■ EXERCISE REQUIREMENTS: Please reproduce the listing word for word. Pictures stay out.

:: SUPPLIED DATA

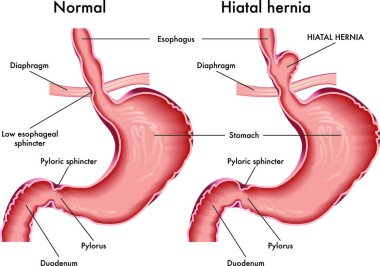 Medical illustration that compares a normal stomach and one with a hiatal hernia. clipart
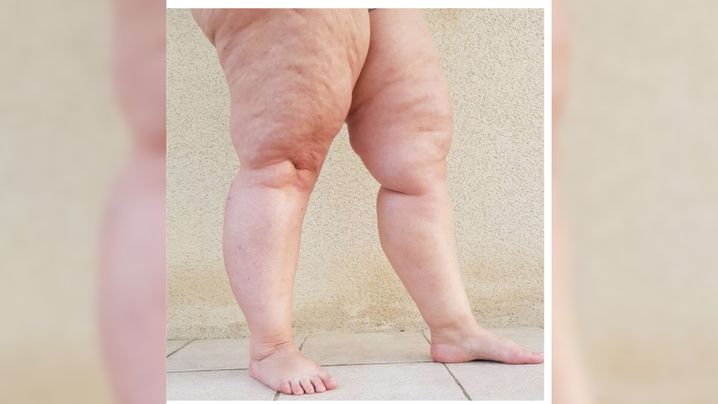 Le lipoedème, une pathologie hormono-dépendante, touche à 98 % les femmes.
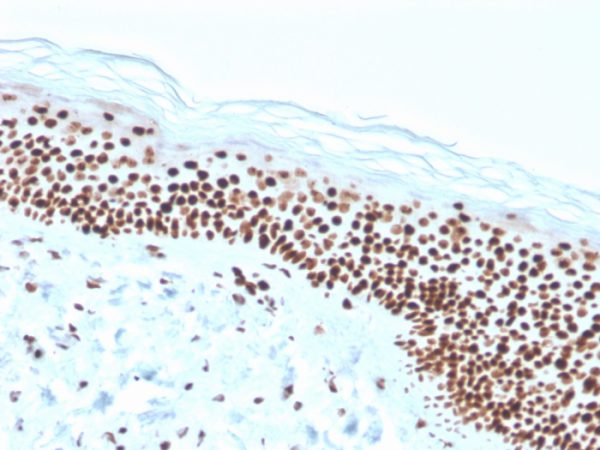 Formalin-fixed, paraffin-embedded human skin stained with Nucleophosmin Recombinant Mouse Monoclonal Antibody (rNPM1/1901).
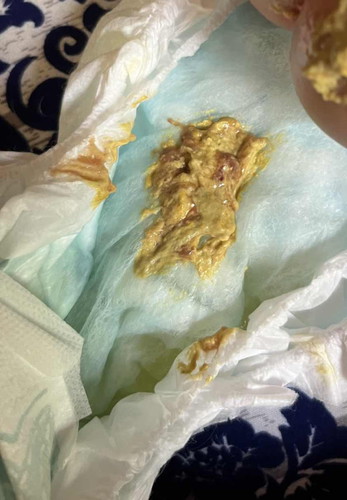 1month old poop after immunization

::::

■ ANSWER SPACE:
 Medical illustration that compares a normal stomach and one with a hiatal hernia. clipart
 Le lipoedème, une pathologie hormono-dépendante, touche à 98 % les femmes.
 Formalin-fixed, paraffin-embedded human skin stained with Nucleophosmin Recombinant Mouse Monoclonal Antibody (rNPM1/1901).
 1month old poop after immunization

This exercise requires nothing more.